• [RECORDS PROVIDED]

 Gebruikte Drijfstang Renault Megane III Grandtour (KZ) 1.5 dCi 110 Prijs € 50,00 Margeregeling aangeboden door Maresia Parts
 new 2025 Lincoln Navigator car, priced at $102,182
---
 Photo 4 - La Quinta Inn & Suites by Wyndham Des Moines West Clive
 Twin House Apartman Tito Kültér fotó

• [PROBLEM REQUIREMENTS] Take the records above and return, word for word, only the lines that fall from the line with "Photo 4 - La" to the line with "Twin House Apartman Tito Kültér fotó", both of them included.

• [THE ANSWER]
 Photo 4 - La Quinta Inn & Suites by Wyndham Des Moines West Clive
 Twin House Apartman Tito Kültér fotó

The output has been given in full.